# Labeled inputs generator

This notebooks generates the text files we are using to train our conditional poems generators. It only supports english as language, given that we only have labels in an english poems dataset.

At the end, two text files are generated in the current directory:
* A concatenation of all the poems of the training set, with name `all_poems.labeled.by_[cat].train.[lang].txt`
* A concatenation of all the poems of the validation set, with name `all_poems.labeled.by_[cat].valid.[lang].txt`

Each poem is labeled by prepending an additional verse with its category (form or topic).

There are two additional files that you need to preserve, which we just copy to the current directory, from an unconditional generator source data files:
* A JSON file with the formatting configuration chosen, with name `all_poems.[lang].conf.json`
* A csv file with the assignment of poems to splits, with name `all_poems.[lang].splits.csv`

It is because we want to have a comparable baseline that we copy the splits and format used to train an unconditional poems generator, that we had previously saved in our datasets repo.

Anyway, you can use a different file structure by defining your own `PoemsFileConfig` instance and passing it to `LabeledPoemsIOWriter.__init__` method.

Set `run_as_standalone_nb = True` if you are running this notebook outside of a clone of its repository (https://github.com/Poems-AI/AI.git).
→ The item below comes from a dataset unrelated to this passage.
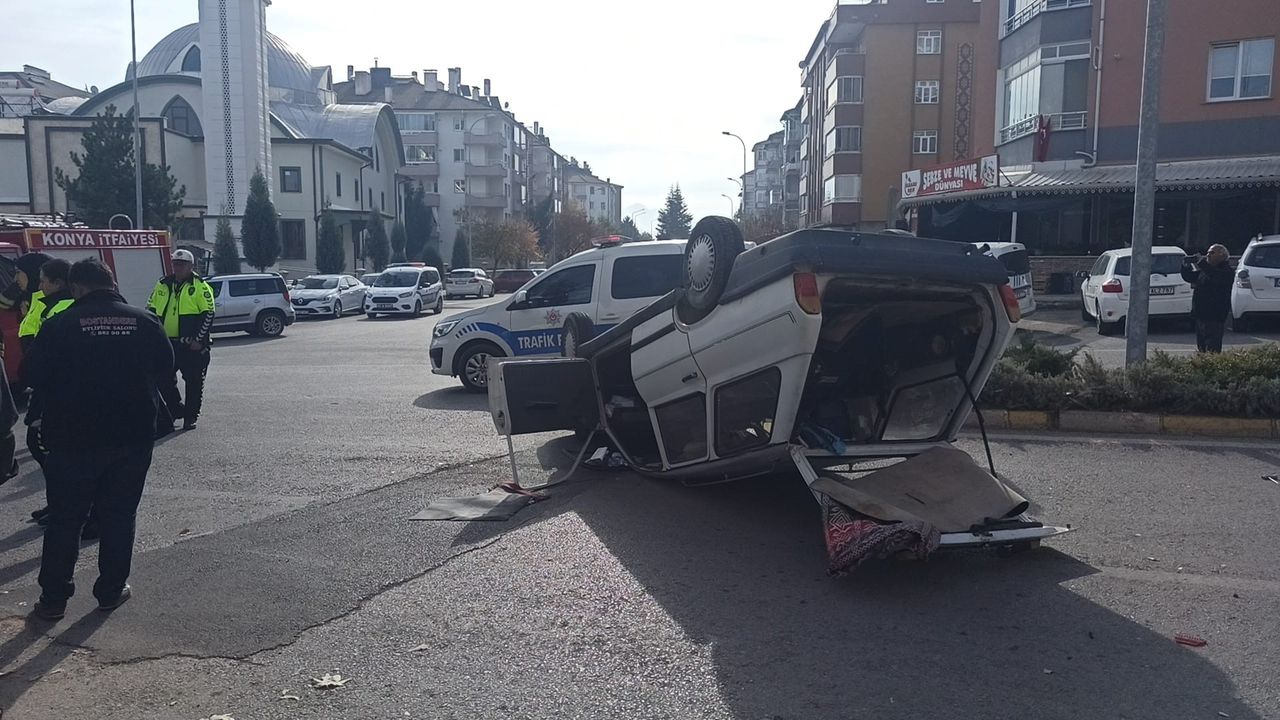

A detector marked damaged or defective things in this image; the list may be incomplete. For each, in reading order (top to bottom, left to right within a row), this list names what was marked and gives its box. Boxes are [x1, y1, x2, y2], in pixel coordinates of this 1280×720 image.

overturned white car [488, 219, 1070, 571] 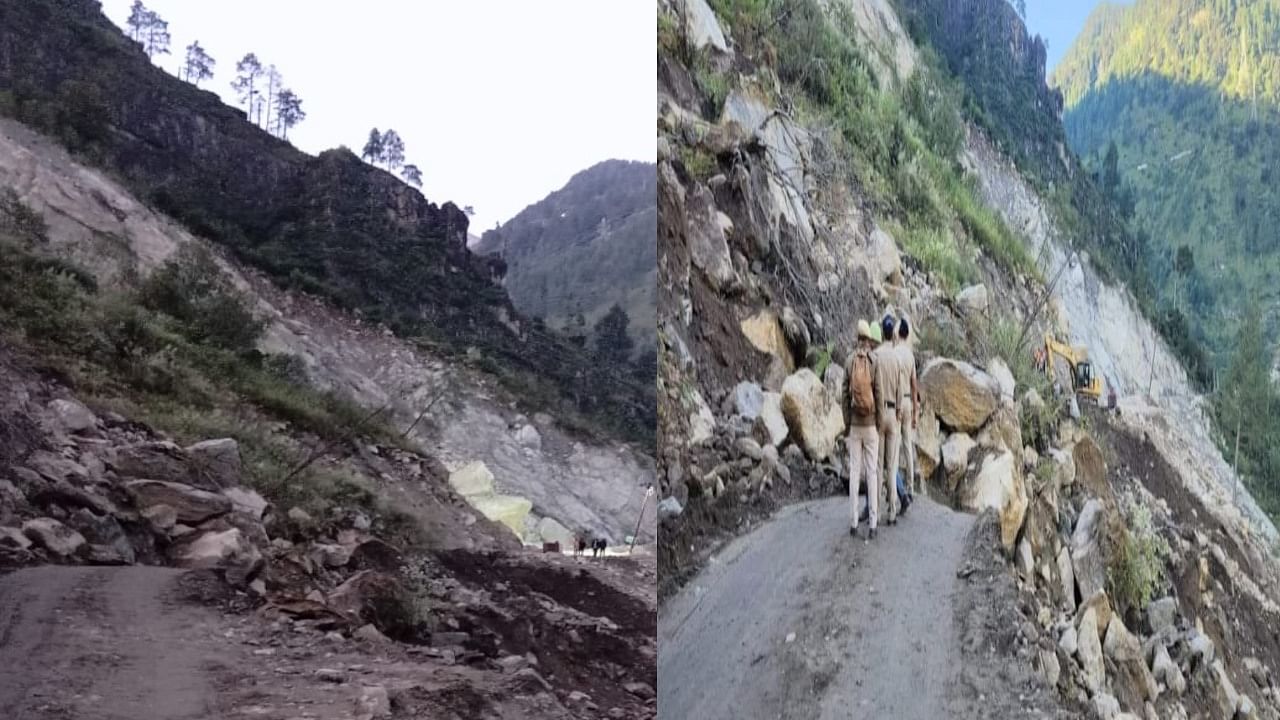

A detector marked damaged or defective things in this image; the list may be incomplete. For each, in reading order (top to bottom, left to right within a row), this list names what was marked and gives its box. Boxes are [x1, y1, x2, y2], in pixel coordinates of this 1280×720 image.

For example, in a Colab or Kaggle notebook.

In [None]:
run_as_standalone_nb = False


from pathlib import Path


if run_as_standalone_nb:
    import sys    
    root_lib_path = Path('AI').resolve()
    if not root_lib_path.exists():
        !git clone https://github.com/Poems-AI/AI.git
    if str(root_lib_path) not in sys.path:
        sys.path.insert(0, str(root_lib_path))
        
    !pip install -r {root_lib_path/'requirements.txt'}
else:
    import local_lib_import

In [None]:
import pandas as pd
from poemsai.data import (DataSource, get_ds_root_placeholder,  LabeledPoemsSplitsDfReader, 
                          LabeledPoemsIOWriter, LabelsEstimator, LabelsType, label_type_to_str, 
                          LabelsWriterStd, LabelsWriterKeyValue, LabelsWriterKeyValueMultiverse, 
                          LabelsWriterExplained, PoemsFileConfig, PoemsSplitsDfContentReader)

Clone our datasets repo:

In [None]:
!git clone https://github.com/Poems-AI/dataset.git

## Labels selection

Choose: if you want to label the poems with its form (`LabelsType.Forms`) or by topic (`LabelsType.Topics`). 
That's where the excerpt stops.